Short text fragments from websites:

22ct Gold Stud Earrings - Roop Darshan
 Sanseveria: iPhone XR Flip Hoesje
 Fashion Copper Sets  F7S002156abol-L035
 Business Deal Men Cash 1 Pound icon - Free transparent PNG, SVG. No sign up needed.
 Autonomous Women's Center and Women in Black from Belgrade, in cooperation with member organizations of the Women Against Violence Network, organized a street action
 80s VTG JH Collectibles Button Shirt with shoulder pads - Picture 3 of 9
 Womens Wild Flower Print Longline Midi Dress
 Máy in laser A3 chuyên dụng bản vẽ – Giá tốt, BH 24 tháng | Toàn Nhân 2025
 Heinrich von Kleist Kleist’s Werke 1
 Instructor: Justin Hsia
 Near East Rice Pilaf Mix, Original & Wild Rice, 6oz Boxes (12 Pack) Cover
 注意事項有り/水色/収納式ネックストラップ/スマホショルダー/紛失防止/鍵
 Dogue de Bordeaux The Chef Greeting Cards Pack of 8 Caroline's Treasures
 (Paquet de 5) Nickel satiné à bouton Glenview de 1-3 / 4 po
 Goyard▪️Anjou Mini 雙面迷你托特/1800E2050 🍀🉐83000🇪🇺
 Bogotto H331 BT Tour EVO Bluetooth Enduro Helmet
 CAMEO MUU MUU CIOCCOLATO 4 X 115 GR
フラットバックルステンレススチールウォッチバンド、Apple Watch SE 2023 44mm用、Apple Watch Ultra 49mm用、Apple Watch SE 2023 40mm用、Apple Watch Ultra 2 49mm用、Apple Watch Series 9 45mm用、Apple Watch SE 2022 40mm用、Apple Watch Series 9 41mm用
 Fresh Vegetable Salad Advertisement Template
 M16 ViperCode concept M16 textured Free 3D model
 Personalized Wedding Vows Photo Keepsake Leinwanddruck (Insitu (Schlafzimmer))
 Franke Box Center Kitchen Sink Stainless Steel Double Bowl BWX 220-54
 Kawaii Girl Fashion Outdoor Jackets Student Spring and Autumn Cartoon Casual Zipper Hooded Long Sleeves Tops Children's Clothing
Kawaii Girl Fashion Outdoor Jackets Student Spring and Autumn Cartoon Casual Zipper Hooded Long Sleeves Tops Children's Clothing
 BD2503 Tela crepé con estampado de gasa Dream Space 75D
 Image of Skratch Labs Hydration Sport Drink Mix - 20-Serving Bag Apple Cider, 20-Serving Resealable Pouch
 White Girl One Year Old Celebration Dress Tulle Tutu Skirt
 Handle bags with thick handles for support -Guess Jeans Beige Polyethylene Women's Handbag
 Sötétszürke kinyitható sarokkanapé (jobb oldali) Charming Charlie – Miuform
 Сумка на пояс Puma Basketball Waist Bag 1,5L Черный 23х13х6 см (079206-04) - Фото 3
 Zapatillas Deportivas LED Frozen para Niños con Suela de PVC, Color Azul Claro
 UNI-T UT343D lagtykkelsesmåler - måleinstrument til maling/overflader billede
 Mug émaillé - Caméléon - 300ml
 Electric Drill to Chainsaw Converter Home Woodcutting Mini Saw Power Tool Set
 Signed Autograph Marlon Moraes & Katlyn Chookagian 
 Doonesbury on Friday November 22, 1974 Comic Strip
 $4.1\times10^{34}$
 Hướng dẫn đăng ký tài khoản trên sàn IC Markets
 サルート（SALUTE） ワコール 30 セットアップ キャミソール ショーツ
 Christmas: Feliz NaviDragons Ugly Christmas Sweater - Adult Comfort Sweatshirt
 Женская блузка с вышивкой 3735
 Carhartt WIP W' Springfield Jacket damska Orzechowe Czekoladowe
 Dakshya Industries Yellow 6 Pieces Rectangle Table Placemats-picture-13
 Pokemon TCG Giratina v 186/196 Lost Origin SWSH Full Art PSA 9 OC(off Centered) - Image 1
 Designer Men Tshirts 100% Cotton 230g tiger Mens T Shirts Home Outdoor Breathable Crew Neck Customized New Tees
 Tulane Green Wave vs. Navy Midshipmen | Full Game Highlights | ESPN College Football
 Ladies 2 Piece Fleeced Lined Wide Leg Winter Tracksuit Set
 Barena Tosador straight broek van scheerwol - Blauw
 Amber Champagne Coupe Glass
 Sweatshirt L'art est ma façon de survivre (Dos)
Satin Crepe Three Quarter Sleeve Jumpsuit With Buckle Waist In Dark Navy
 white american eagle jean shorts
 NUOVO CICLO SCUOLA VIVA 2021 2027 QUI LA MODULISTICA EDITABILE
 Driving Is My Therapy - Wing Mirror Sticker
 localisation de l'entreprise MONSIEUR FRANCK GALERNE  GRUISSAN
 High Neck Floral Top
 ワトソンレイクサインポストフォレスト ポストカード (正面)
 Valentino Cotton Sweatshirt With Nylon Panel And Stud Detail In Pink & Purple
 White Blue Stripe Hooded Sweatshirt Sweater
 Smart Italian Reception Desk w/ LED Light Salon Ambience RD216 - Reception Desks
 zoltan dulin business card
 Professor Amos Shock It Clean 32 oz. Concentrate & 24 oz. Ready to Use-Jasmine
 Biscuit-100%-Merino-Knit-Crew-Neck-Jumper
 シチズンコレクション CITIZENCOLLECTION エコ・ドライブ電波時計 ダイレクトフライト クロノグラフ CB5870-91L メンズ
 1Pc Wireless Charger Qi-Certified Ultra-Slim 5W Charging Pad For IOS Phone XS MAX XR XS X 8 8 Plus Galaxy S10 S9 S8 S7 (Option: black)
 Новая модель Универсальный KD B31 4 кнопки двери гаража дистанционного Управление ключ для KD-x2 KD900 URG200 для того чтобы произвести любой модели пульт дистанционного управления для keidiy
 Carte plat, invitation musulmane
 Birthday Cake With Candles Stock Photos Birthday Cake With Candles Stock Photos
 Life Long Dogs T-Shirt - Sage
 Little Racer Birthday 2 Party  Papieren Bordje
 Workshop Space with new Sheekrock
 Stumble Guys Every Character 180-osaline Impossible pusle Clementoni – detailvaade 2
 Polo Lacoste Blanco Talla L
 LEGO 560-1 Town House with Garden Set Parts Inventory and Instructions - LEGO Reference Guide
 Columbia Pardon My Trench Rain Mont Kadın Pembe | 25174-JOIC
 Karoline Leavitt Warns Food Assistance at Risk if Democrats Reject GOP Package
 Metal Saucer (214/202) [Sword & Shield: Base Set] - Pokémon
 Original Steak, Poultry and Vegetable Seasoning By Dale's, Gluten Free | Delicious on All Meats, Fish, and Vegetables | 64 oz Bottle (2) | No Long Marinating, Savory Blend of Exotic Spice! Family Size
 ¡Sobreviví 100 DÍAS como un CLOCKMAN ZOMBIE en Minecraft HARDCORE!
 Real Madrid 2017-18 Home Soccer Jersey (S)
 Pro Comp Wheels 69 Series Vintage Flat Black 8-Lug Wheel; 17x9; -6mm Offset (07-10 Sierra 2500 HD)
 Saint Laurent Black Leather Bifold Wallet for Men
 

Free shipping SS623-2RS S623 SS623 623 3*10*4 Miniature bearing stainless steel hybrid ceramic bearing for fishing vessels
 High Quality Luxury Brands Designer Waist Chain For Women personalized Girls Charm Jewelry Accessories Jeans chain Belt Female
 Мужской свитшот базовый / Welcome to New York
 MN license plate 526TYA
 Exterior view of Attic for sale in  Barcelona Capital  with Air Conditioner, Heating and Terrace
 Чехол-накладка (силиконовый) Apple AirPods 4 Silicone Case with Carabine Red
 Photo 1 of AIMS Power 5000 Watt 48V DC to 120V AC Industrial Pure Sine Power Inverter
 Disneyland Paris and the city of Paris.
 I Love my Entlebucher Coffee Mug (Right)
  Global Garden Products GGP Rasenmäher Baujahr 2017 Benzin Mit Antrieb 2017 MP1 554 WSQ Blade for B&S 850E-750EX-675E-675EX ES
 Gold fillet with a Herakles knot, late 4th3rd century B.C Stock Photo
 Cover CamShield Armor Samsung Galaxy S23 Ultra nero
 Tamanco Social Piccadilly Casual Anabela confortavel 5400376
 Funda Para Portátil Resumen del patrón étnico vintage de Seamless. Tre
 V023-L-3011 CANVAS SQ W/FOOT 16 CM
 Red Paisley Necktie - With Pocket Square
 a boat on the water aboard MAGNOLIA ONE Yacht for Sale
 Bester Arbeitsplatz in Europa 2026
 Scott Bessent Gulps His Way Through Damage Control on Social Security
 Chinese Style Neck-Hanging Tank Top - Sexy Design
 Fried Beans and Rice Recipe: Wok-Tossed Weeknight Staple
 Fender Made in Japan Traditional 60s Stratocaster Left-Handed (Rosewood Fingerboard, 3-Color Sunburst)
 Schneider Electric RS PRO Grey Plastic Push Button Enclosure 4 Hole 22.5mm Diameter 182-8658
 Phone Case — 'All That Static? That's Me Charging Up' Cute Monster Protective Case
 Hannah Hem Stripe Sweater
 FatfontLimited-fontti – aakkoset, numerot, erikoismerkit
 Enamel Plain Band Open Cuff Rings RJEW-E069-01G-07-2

ABOUT THIS EXERCISE> Line tally for "Zipper": say how many lines of the records above contain it, and give nothing but the number.

EXERCISE RESULT> 2